▶ TASK BRIEF
Pictures excluded, output exactly the lines from the one containing "Chips & Queso 2024 DTF Transfer" through the last line of the listing below.

▶ DATA BLOCK
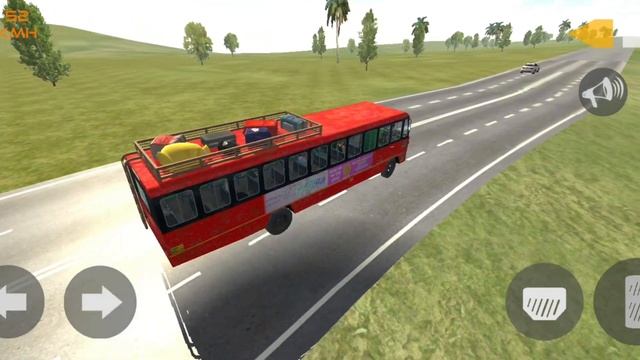 Indian Sleeper Bus Game | Realistic Bus Simulator Game | Bus Driving Games for Android Part 5 смотреть онлайн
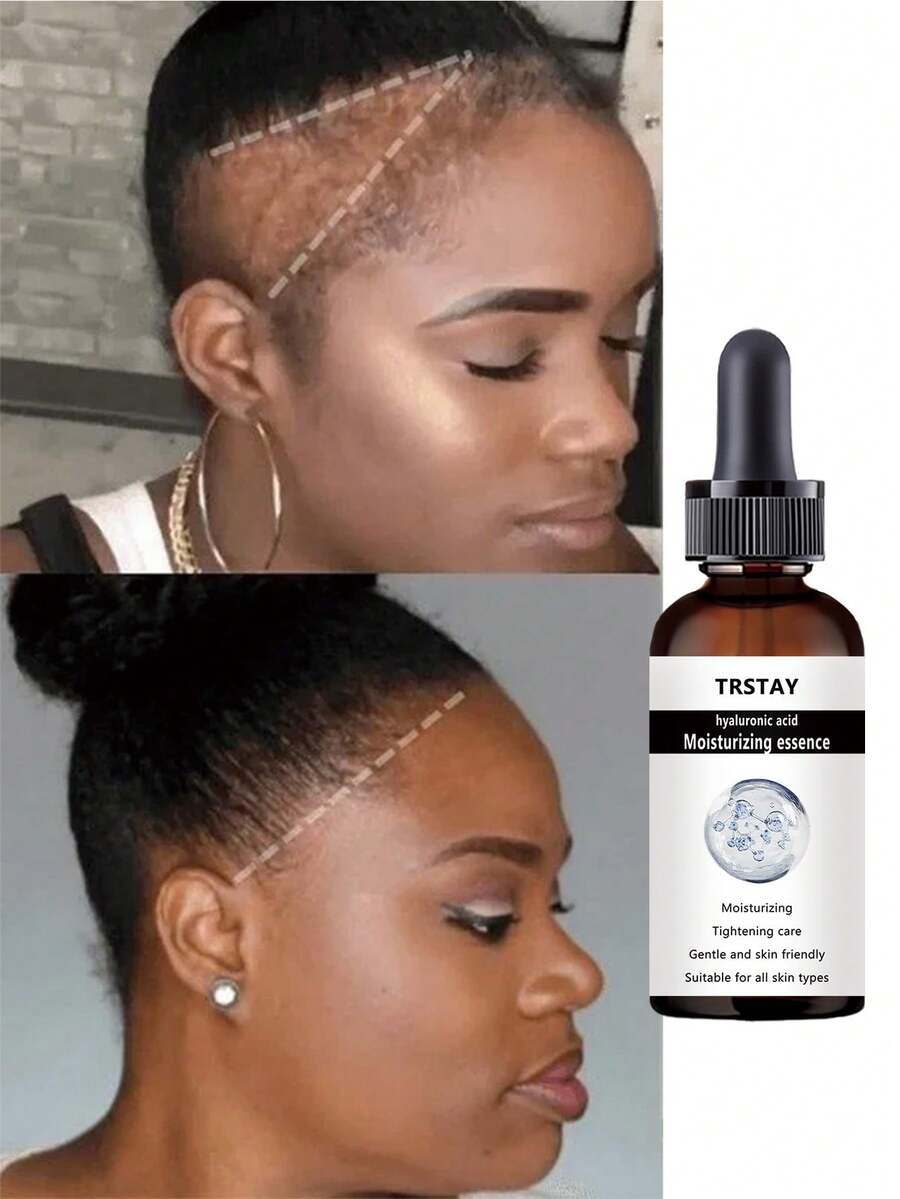 TRSTAY Hair Oil Lightweight Hair Flow Alignment Fiber Smooth Control Strand Finish Tuning Daily Hair Shaping Ritual Natural Strand Polish Look - Multicolor - View 1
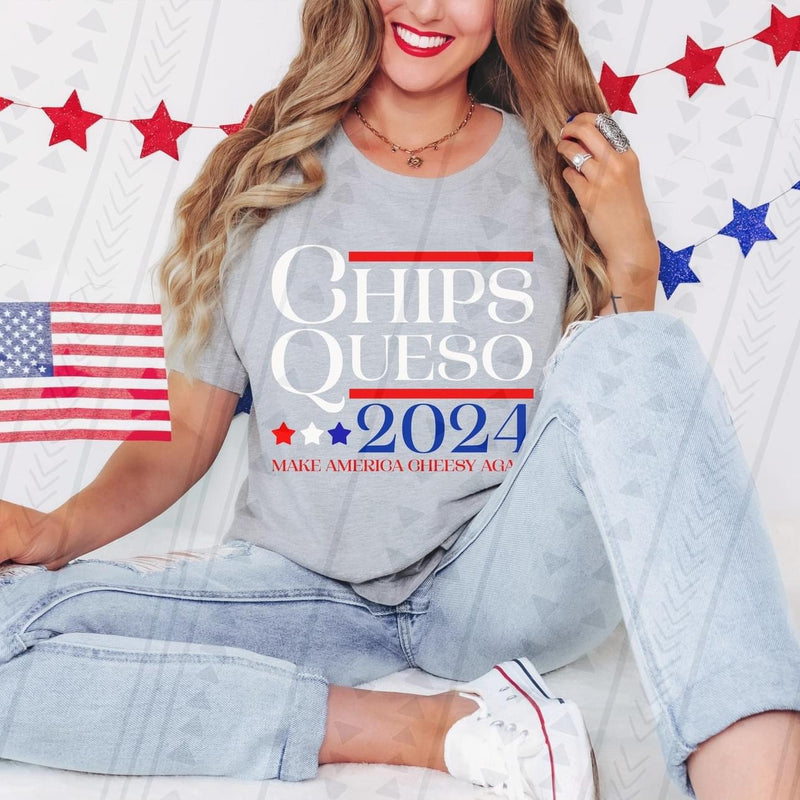 Chips & Queso 2024 DTF Transfer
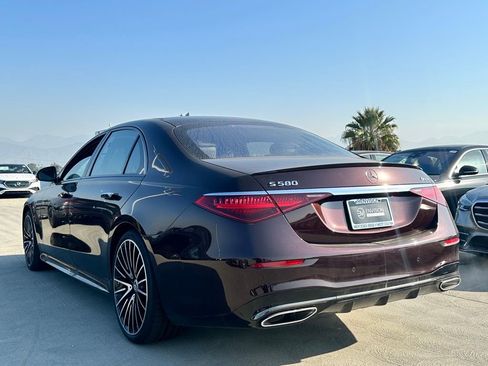 Used 2024 Mercedes-Benz S 580 4MATIC Sedan image 10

▶ SOLUTION
 Chips & Queso 2024 DTF Transfer
 Used 2024 Mercedes-Benz S 580 4MATIC Sedan image 10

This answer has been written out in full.